The primary reason that most people invest in life insurance is to provide financial security to their loved ones in case of an early death. However, it also works as a powerful investment and retirement planning tool, since certain plans can build sizeable cash value during your lifetime.
You can withdraw this cash value to pay for unexpected expenses, borrow against it when you need a loan, and enjoy higher returns from your policy if you leave it to grow. We’ll look at what different kinds of life insurance offer and how you can use them as effective forms of investment.
Permanent Life Insurance Plans Offer Investment Benefits
Whole, universal and variable life insurance policies are all different kinds of permanent insurance.

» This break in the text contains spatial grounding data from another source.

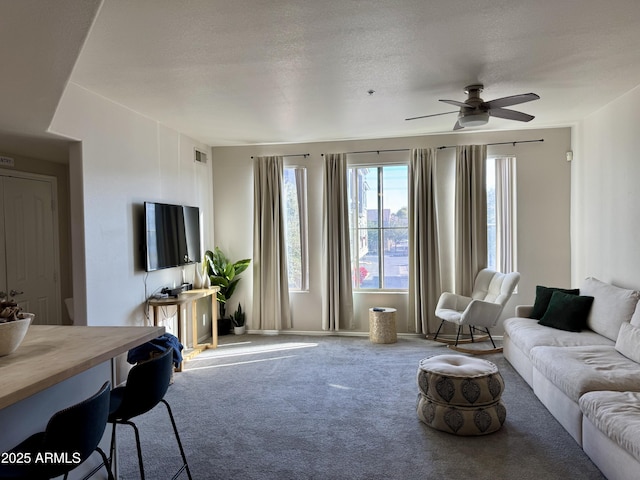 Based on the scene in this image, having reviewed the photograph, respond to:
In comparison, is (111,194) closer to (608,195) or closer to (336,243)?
(336,243)

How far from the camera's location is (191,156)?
18.9 ft

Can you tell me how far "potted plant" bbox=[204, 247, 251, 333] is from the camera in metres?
6.12

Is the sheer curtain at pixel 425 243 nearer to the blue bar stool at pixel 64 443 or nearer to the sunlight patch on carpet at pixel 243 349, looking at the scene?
the sunlight patch on carpet at pixel 243 349

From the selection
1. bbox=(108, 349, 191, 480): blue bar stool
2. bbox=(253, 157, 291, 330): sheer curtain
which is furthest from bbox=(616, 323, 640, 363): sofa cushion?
bbox=(253, 157, 291, 330): sheer curtain

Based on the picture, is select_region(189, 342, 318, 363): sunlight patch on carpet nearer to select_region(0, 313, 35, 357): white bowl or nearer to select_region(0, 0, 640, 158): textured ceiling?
select_region(0, 0, 640, 158): textured ceiling

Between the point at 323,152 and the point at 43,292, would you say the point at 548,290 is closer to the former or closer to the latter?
the point at 323,152

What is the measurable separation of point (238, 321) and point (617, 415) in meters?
4.83

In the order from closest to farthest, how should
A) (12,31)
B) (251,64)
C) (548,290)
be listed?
(12,31)
(251,64)
(548,290)

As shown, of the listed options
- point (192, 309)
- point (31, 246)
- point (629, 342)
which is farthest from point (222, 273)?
point (629, 342)

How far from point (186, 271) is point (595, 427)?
178 inches

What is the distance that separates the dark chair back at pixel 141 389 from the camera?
1.97m

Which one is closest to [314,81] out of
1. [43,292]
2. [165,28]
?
[165,28]

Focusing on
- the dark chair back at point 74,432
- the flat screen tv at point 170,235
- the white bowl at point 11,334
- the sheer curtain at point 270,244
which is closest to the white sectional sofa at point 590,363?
the dark chair back at point 74,432

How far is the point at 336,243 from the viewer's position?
19.8 feet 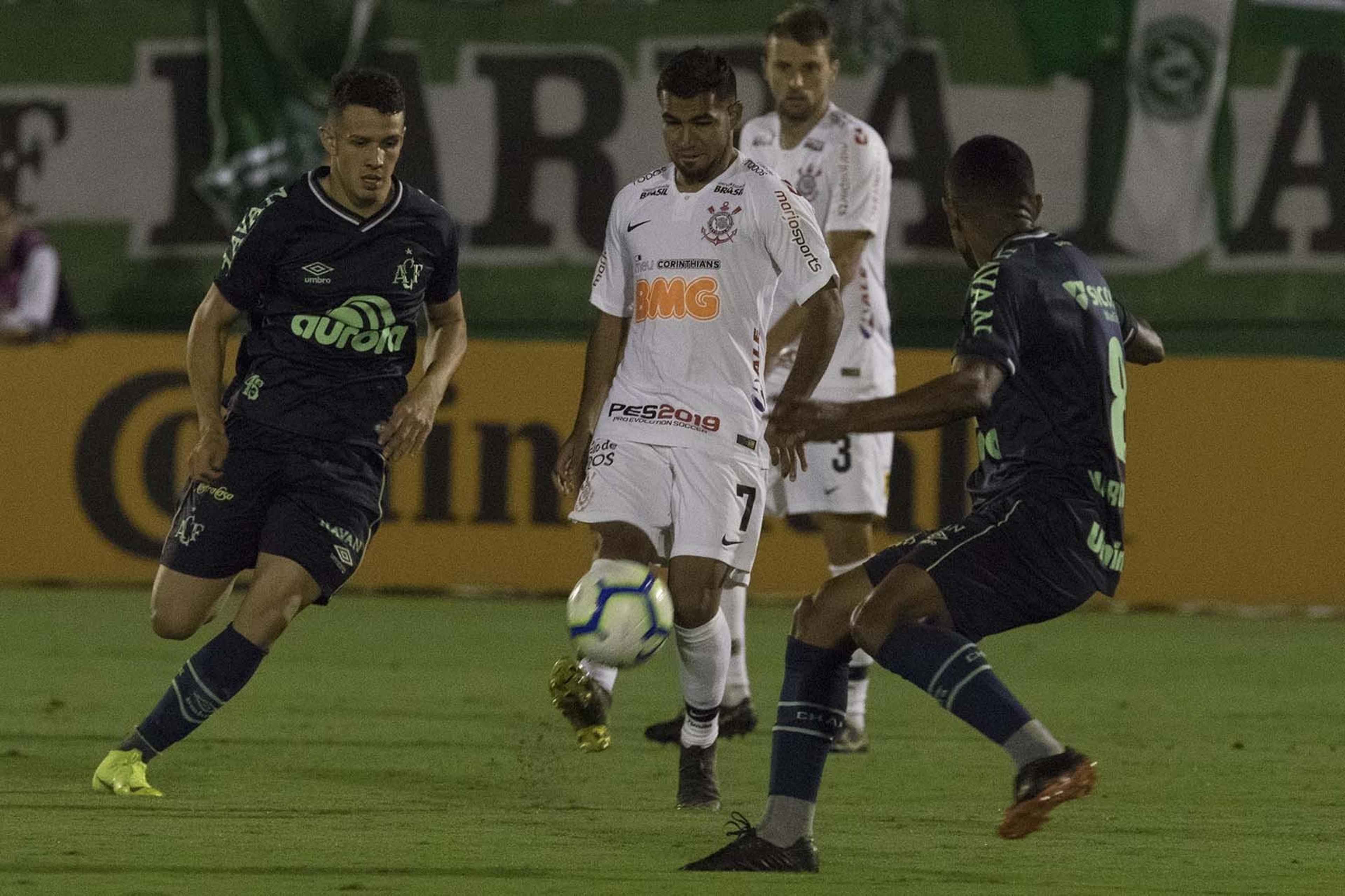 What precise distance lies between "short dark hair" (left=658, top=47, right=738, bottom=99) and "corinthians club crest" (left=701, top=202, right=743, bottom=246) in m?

These plans accumulate some form of a cash value against the premiums you invest in them. This cash value is not a fixed amount that remains unchanged, but one that offers a positive rate of return over the years. Interest gets re-invested, offering you the benefit of compounded growth, as well as guaranteed death benefits for your loved ones.
Here are some other financial benefits to consider:
- The funds in these policies grow on a tax-deferred basis.
- The policy remains in force as long as premiums are paid.
- The cash value can be borrowed against, without taxes or penalties.
- You can make withdrawals from the cash value in a financial emergency.
Here’s how different kinds of permanent life insurance can help you meet your investment goals:
1. Whole Life Insurance
When you invest in a whole life policy, the plan accumulates a cash value from the premium payments you make. You also enjoy the security of guaranteed death benefits for your family if you’ve been making premium payments and the policy is active.
Here are some other benefits to take into account when you’re considering whole life insurance as an investment tool:
- The cash value acts as a savings vehicle where your funds can grow on a tax-deferred basis.
- Cash value growth is guaranteed, based on a minimum rate that’s fixed at the time you buy the policy.
- With a positive rate of return over the long term, the cash value can grow higher than the total premiums you’ve invested.
- You receive income in the form of dividends, which increases as the cash value in the policy grows over time.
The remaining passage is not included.